Experiment 3 tested this prediction (see Figure 3A for design). There were three groups. The gradual and standard extinction groups differed from the previous experiments only in that the initial three days of the extinction stage was followed by six daily sessions of CS alone presentations (as opposed to the two and one days of CS alone presentations used in Experiments 1 and 2). The six additional days of extinction were included to ensure that conditioned freezing was more fully extinguished than in the previous experiments. The third group (Scrambled) continued to receive CS-shock pairings across the initial three days of the extinction stage. The number of pairings and intensities of the shocks were identical to those received by the gradual group but the order in which the intensity of the shock changed was scrambled rather than progressively reducing as in the gradual group. Specifically, trials on which the CS was paired with the 0.4, 0.2, or 0.1 mA shock were delivered in a pseudo-random order within each session, (e.g. a 0.4 mA pairing followed by a 0.1 mA and then a 0.2 mA, etc.). This scrambled group then received six sessions of CS alone presentations as described for the other two groups. Two weeks later, all groups were tested for spontaneous recovery of freezing to the CS, and this was followed by a final test for reinstatement of freezing following shock re-exposure.

Figure 3D shows mean freezing (±SEM) across the final session of extinction (left), the spontaneous recovery test (middle), and the reinstatement test (right). In the final session of extinction and spontaneous recovery test, the level of freezing did not differ between the three groups (Fs<2). Once again, the overall level of spontaneous recovery was very low which may have masked differences between the groups; the daily CS alone presentations across the additional six days may have over-extinguished the CS. By contrast, in the reinstatement test, the level of freezing to the CS was significantly lower in Group Gradual compared to Groups Extinction and Scrambled (F1,19=9.598,p=0.006,d=1.326,95%CI[0.460,2.378]). Freezing did not significantly differ in the latter two groups (Fs<2). Thus, despite the lack of difference in the spontaneous recovery test, Group Gradual exhibited less reinstatement than Groups Extinction and Scrambled, replicating the result of Experiment 2 and, importantly, showing that exposure to the lower-intensity shocks in a pseudo-random or scrambled order is not sufficient to decrease fear restoration. Rather, the series of small prediction errors, created by progressively reducing shock intensities, is critical.

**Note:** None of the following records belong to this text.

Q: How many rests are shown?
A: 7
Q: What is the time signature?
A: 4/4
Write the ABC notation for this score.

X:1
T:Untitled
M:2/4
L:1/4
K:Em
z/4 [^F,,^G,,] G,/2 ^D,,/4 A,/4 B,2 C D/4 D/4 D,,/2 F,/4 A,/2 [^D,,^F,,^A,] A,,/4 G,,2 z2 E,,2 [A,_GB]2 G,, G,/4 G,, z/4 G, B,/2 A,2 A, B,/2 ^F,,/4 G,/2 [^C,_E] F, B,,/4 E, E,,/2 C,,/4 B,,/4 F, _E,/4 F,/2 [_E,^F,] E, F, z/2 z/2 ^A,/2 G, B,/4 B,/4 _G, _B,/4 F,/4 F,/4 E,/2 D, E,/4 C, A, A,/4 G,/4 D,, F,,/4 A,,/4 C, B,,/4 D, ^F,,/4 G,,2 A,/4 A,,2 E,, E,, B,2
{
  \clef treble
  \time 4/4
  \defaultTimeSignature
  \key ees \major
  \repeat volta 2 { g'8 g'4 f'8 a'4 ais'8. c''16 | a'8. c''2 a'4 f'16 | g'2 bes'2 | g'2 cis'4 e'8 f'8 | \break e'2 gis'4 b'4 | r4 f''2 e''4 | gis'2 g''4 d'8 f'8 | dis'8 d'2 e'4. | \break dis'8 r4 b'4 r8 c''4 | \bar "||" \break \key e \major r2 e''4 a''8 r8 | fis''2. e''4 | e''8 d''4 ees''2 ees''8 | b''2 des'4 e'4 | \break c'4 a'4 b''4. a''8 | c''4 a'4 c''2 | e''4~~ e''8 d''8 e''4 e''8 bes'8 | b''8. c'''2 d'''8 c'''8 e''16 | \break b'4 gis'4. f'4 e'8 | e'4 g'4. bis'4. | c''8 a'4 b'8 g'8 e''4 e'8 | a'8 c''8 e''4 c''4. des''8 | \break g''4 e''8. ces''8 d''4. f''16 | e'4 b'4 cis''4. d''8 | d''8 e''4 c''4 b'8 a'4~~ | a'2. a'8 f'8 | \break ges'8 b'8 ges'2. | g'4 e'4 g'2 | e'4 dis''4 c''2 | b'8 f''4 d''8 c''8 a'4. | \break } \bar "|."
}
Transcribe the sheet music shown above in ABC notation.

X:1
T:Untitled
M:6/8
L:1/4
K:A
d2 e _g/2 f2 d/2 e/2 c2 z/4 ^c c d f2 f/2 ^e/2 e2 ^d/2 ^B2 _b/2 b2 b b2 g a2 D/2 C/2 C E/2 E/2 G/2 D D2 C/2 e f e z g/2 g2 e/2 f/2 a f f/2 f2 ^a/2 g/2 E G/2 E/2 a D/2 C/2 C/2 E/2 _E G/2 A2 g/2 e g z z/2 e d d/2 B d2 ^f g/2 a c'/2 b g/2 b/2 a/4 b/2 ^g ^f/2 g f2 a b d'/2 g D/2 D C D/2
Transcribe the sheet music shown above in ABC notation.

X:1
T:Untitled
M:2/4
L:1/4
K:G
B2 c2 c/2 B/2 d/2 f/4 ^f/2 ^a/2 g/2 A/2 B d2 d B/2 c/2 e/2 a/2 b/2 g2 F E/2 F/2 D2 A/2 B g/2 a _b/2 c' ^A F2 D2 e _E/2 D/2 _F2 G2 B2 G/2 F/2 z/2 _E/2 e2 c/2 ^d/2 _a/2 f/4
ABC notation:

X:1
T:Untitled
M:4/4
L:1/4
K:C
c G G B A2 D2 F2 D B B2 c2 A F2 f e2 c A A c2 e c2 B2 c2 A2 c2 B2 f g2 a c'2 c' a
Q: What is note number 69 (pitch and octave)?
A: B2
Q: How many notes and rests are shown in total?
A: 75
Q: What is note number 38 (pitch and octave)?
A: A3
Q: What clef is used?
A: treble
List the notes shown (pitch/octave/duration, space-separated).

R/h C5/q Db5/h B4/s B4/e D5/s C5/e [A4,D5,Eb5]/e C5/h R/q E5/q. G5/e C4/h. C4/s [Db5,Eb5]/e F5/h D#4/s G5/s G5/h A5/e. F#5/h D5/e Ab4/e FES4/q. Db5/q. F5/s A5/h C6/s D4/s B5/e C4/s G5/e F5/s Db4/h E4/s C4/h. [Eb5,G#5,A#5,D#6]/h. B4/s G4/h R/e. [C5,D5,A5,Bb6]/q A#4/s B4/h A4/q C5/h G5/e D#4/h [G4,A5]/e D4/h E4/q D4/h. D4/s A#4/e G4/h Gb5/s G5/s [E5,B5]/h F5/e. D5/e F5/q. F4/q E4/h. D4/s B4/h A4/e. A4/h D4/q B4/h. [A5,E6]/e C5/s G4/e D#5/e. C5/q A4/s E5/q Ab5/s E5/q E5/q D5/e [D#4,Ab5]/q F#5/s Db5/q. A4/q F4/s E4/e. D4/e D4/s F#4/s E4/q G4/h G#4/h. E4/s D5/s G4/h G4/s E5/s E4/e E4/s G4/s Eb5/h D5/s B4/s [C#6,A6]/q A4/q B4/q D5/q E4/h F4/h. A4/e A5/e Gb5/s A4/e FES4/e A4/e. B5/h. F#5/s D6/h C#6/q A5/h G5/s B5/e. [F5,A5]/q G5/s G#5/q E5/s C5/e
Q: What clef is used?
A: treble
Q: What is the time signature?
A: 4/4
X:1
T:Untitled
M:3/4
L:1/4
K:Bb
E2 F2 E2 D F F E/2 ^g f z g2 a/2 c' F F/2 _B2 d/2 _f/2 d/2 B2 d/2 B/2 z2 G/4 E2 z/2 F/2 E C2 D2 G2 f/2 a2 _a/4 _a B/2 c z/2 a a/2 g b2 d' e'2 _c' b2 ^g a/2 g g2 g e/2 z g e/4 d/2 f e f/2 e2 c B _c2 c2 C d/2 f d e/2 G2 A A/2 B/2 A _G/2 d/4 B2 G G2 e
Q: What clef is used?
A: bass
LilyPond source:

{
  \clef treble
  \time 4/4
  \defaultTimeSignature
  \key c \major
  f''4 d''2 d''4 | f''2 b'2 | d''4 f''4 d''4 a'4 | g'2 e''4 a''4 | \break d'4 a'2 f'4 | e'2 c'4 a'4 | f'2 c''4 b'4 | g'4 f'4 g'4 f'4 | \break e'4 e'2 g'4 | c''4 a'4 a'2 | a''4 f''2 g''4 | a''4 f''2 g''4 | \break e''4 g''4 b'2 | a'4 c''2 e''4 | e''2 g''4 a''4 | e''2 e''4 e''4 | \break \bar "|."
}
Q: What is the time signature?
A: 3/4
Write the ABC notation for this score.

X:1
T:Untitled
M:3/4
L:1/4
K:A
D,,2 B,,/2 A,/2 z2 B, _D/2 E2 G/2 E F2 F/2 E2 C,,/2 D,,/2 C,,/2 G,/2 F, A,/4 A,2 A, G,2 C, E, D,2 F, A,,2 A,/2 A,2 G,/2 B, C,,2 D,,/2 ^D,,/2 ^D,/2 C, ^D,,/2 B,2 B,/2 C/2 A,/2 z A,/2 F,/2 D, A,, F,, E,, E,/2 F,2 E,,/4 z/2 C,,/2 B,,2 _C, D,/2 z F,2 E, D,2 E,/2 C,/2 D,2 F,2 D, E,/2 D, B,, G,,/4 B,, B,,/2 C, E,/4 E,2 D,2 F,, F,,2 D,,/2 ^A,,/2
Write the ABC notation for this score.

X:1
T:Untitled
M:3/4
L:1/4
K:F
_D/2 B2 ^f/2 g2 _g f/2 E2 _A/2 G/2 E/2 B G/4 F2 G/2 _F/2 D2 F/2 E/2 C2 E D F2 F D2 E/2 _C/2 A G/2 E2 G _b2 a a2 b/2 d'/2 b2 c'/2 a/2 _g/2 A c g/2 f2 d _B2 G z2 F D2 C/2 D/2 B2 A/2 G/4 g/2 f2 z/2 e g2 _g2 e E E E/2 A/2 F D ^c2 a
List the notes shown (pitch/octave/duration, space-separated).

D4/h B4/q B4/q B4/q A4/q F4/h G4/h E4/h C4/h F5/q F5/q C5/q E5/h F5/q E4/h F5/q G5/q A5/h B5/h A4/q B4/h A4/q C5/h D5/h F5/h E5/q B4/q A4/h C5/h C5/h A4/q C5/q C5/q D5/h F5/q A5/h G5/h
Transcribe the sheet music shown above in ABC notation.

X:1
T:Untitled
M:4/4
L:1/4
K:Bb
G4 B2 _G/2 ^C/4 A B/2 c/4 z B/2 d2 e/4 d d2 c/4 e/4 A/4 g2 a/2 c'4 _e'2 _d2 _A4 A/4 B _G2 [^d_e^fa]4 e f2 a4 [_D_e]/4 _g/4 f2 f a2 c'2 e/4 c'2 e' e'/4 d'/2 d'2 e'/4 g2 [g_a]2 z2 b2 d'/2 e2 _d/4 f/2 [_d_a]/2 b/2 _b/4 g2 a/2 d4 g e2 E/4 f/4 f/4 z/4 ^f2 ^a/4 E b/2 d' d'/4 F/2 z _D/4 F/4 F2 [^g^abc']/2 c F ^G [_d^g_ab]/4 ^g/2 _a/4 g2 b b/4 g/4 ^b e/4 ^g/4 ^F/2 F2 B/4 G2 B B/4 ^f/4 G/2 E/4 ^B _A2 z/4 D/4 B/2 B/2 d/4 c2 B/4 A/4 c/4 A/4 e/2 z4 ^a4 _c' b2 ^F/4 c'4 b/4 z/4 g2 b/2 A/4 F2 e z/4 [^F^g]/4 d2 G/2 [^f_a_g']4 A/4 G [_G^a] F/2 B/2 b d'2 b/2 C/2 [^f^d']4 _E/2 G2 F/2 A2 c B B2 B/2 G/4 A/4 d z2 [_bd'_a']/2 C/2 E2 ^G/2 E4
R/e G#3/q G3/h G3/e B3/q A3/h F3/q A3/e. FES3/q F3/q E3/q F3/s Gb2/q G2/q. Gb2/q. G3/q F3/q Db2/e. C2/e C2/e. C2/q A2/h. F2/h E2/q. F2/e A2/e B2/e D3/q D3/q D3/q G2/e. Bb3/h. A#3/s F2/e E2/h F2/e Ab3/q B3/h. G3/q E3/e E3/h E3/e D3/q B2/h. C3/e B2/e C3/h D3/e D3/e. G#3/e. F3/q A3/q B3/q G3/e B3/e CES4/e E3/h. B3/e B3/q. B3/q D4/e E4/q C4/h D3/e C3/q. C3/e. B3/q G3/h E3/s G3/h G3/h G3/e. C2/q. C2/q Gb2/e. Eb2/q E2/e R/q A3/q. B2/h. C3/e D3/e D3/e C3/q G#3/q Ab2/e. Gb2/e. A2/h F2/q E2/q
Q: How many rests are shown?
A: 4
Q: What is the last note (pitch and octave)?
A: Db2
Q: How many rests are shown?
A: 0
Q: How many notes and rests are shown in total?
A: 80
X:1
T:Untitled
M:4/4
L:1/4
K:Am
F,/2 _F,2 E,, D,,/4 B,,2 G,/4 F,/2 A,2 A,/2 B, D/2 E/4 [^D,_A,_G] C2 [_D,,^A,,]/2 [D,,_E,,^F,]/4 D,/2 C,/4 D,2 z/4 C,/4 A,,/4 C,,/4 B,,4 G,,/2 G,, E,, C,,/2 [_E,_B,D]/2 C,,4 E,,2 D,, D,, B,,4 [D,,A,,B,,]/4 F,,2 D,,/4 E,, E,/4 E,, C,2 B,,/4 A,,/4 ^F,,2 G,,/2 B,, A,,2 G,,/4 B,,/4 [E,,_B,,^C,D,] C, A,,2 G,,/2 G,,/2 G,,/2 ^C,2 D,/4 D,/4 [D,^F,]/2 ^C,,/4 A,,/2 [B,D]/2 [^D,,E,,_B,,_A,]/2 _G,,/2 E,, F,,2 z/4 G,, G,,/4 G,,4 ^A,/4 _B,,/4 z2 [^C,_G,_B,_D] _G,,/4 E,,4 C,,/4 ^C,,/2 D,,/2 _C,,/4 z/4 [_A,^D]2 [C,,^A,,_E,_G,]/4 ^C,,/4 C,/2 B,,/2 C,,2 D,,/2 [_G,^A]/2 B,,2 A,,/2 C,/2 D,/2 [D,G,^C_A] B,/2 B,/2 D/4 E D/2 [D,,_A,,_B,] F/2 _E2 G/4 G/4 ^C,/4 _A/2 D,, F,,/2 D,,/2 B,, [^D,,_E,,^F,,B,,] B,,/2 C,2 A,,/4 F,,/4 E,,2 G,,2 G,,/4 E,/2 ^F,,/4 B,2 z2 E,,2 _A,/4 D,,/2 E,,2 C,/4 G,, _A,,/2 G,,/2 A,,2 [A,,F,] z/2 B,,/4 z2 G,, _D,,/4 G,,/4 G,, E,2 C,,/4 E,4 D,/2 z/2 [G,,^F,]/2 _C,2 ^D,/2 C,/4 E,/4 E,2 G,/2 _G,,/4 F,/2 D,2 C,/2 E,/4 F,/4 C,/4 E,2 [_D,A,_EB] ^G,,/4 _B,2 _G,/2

Experiment 4: The effectiveness of gradual extinction is not due to shock devaluation

The previous experiments leave open the possibility that the gradual extinction effect is due to the devaluation of the US representation rather than any change in prediction error. That is, after conditioning, the subject presumably holds a representation of the CS and the shock US. Receiving the series of lower-intensity shocks following conditioning degrades the subject’s shock representation, such that the shock comes to be represented as very weak. Thus, recall of the CS-shock association in tests for spontaneous recovery (Experiment 1) or reinstatement (Experiments 2 and 3) elicits little fear. This explanation differs from that of the Cochran and Cisler, 2019 model in that degradation of the shock representation is not bound to the size of any prediction error. Rather, it implies that shifting immediately to a very low-intensity shock (0.1 mA) after conditioning with a high-intensity shock (0.8 mA) would be sufficient to protect against spontaneous recovery and/or reinstatement. By contrast, the Cochran-Cisler model predicts that shifting immediately to a very low-intensity shock (0.1 mA) would still produce a large prediction error, resulting in state-splitting and, thereby, susceptibility to fear restoration. Simulations in relation to this prediction are shown in Figure 3F and G.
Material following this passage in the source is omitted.